Oskar Kraus (1872–1942) war unter den Vertretern der orthodoxen Brentano-Schule der vielleicht originellste Kopf. Er hat sich nicht nur als Mitherausgeber von Franz Brentanos nachgelassenen Schriften verdient gemacht, sondern er hat auch Brentanos werttheoretischen Ansatz für die Gebiete der Ethik, der Rechtsphilosophie und der Ökonomie fruchtbar gemacht. In seinem 1937 erschienenen Hauptwerk „Die Werttheorien. Geschichte und Kritik“ rekonstruiert Oskar Kraus detailliert Brentanos werttheoretischen Ansatz und entwirft davon ausgehend eine kritische Geschichte der Werttheorie von der Antike bis ins 20. Jahrhundert. Im Zentrum steht dabei die Auseinandersetzung mit den relativistischen Theorien seiner Zeitgenossen, denn Kraus sah in Brentanos Ansatz der Wertbegründung ein Mittel gegen diesen ethischen Relativismus.
Oskar Kraus gehörte zur zweiten Generation der Brentano-Schule. In Prag hatte er neben Rechtswissenschaften auch Philosophie bei Anton Marty studiert.
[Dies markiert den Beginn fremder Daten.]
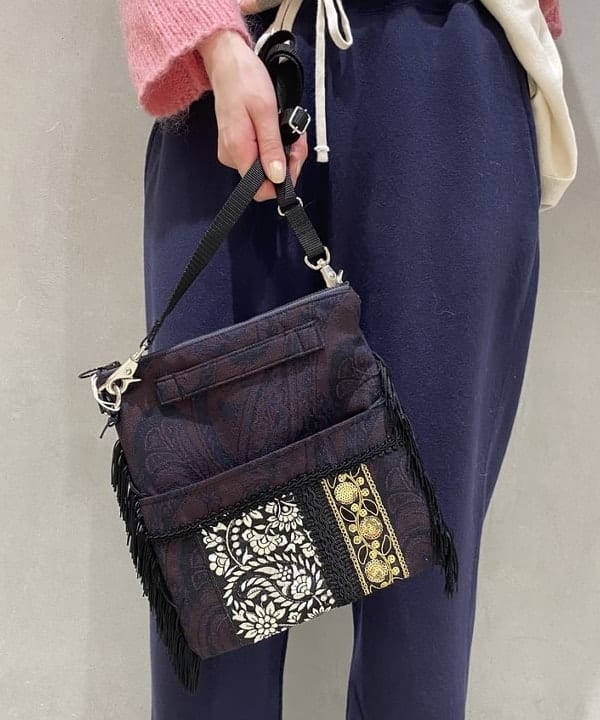 め　め　こさんの「BEAMS WOMEN｜FUJIN TREE × maturely / Fringe Chinese Shose」を使ったコーディネート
Dieser gehörte neben anderen bedeutenden Philosophen wie Edmund Husserl, Thomas G. Masaryk oder Christian von Ehrenfels zur ersten Generation der Brentano-Schule und gilt als der treueste Schüler Franz Brentanos.
Dieses wichtigste Werk von Oskar Kraus ist einerseits für die Brentano-Forschung von Bedeutung. Es richtet sich aber auch an Masterstudierende und Wissenschaftler, die sich für die Grundlagen der Ethik oder generell für die Geschichte der Moralphilosophie und insbesondere die des 19. und 20. Jahrhunderts interessieren. Eingeleitet wird das Buch von Thomas Binder und Hynek Janoušek, die zahlreiche Beiträge zur aktuellen Brentano-Forschung verfasst haben.